Ce qui lui est reproché ? Avoir couvert un rassemblement politique, Gazte Danbada, organisé par l'organisation de jeunes de gauche abertzale du Pays Basque Sud Ernai, en mars 2013, à Urduña. Elle a couvert l'événement pour le site d'information Topatu.info, tout comme d'autres médias.

Moins d'un mois après la marche républicaine à Paris en réaction à l'attentat contre Charlie Hebdo, dans laquelle Mariano Rajoy, chef du gouvernement espagnol, défilait en tête de cortège, une dynamique s'est mise en place au Pays Basque pour dénoncer ce manque à la liberté d'expression et de la presse. A ce jour, près de 400 journalistes, étudiants en journalisme et photographes ont signé un manifeste dénonçant le procès de la jeune femme sur le site "kazetaritza ez da delitua".

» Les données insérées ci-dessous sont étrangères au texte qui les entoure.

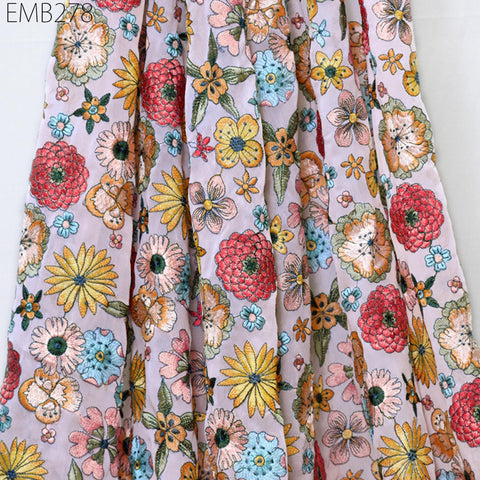 Indian Embroidered Fabric by the Yard Georgette Pink Embroidery Sewing Curtain DIY Crafting Summer Women Dress Material Drapery Home Decor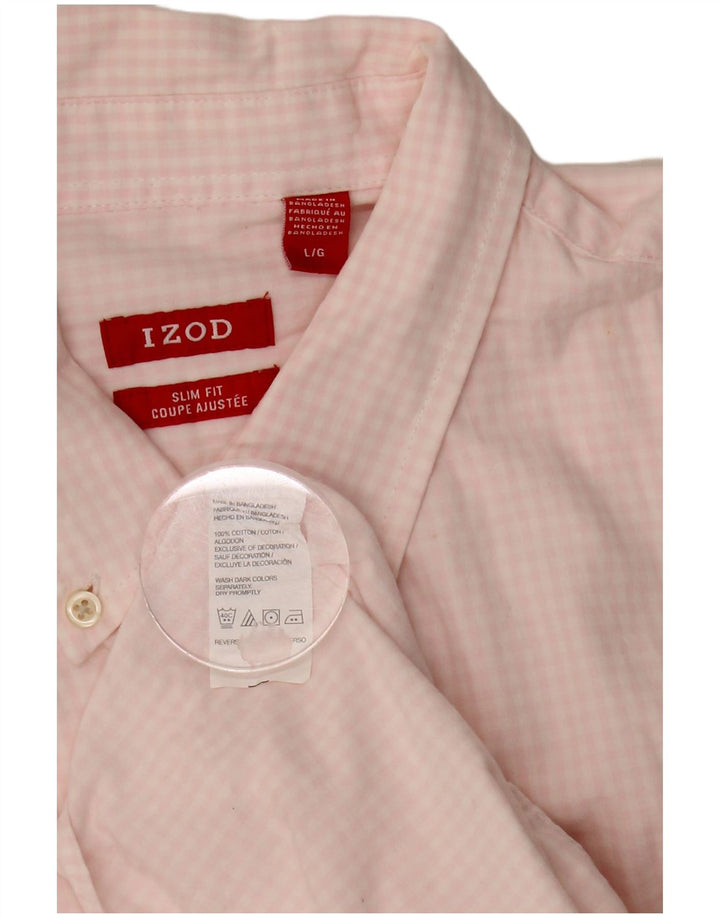 IZOD Mens Slim Fit Shirt Large Pink Gingham Cotton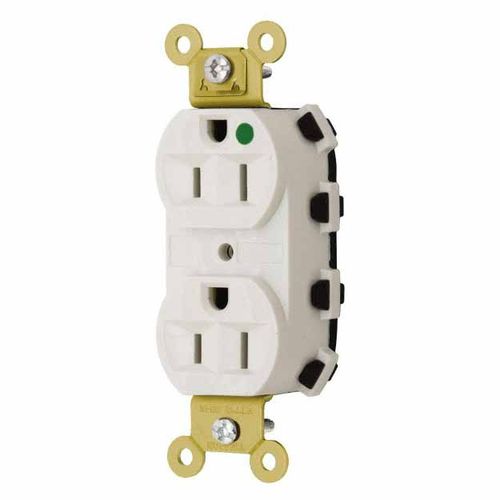Main product image of Hospital Straight Blade Duplex Receptacle, Self-Grounding, 15A, 125v, White, SNAP8200WA
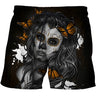 Funny 2021 New Mens Black Skull Board Shorts 3D Printed Summer Beach Shorts Masculino  Women Quick Dry Swimsuit short homme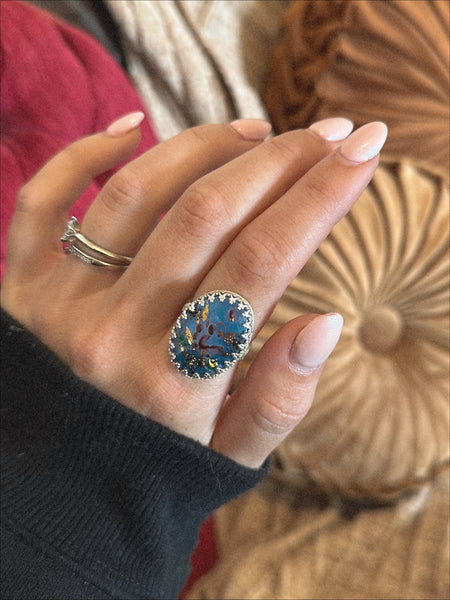 Fostoria Hand-Painted Ring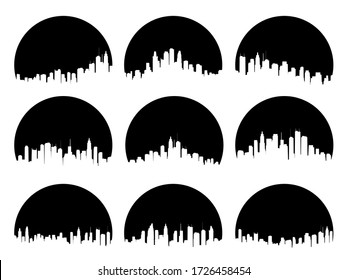 Set of round black emblems of silhouettes sun behind the city high-rise skyscrapers.
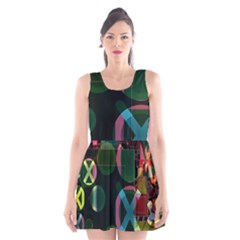 Abstract Color Texture Creative Scoop Neck Skater Dress by Uceng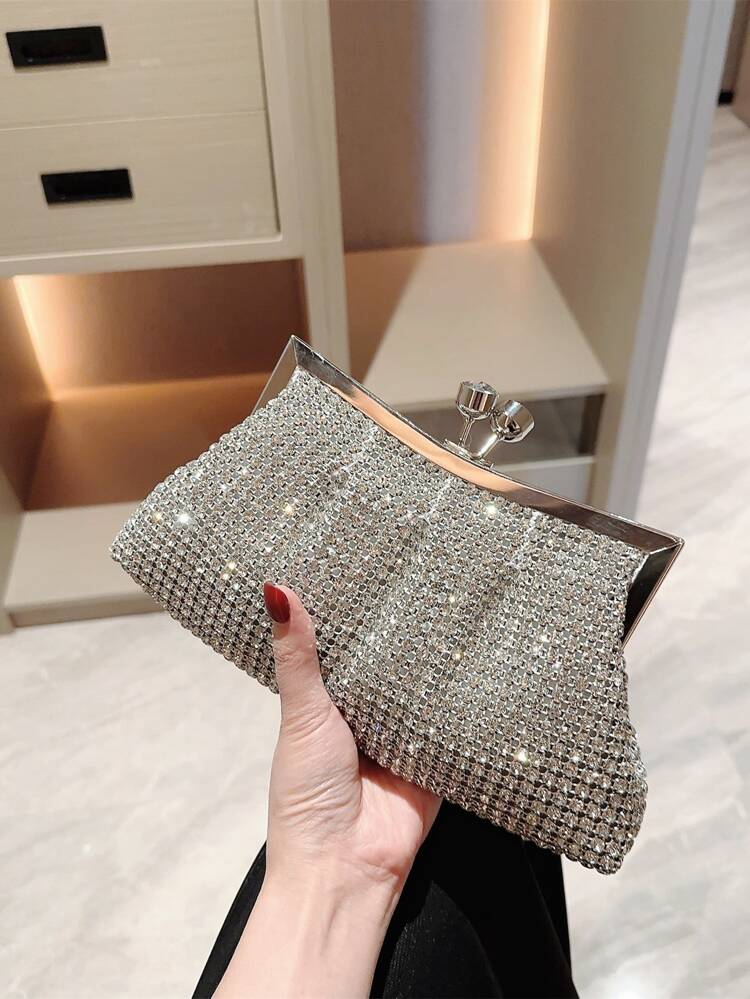1pc Luxury Women's Fully Crystalized Bridal Clutch, Glamorous Sparkling Crystal Embellished Formal Party Handbag, Exquisite Evening Dress Accessory Suitable For Wedding, Formal Events, Parties, Birthdays - Perfect Gift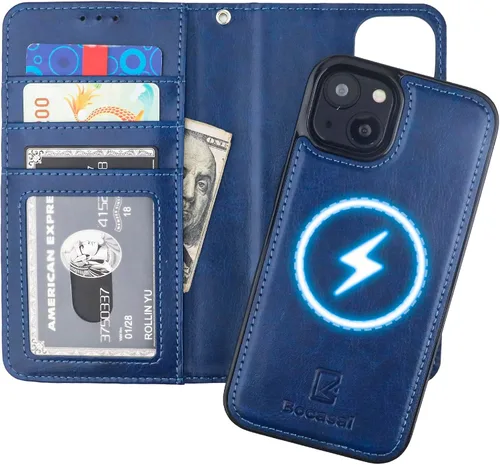 Vista 13 de Bocasal Funda tipo cartera desmontable para iPhone 14 con bloqueo RFID, ranuras para tarjetas, soporte de piel sintética de alta calidad, soporte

Ce slogan est aussi énormément repris sur les réseaux sociaux où circulent des photos de journalistes avec leurs outils de travail à la main (ordinateurs, crayons, appareils photo...) et la bouche bâillonnée en référence à la loi dite "bâillon" en discussion au Sénat espagnol cette semaine.

"Fautes très graves"

Ce projet de loi, porté par le gouvernement Rajoy, a été voté par le Congrès espagnol en décembre dernier, le Parti Populaire (PP) ayant la majorité absolue. Il est en discussion cette semaine au Sénat espagnol. S'il est à nouveau voté, il entrerait en vigueur dans les prochains mois. La "loi organique de sécurité citoyenne" cible, entre autres, les manifestants. Elle prévoit des amendes pour les participants à des manifestations ou réunions dans des installations publiques non autorisées. Cela relèverait de la catégorie des fautes "très graves", passibles d'une amende allant de 30 000 à 600 000 euros.

La loi introduit également une sanction pour tout "manque de respect et de considération" vis-à-vis des forces de l'ordre et interdit par exemple de filmer des violences policières contre des manifestants.

Cinq rapporteurs de l'ONU ont dénoncé les dérives de ce projet de loi qui serait "un manquement aux droits fondamentaux". Des manifestations ont également eu lieu aux quatre coins de l'Espagne.

Autre caractéristique : des délits punis par le code pénal deviennent des fautes administratives. Ce qui signifie que les amendes sont aussi administratives et il n'ait plus besoin de passer devant un juge. L'administration et la police prennent tout en charge, sans avocat ni défense.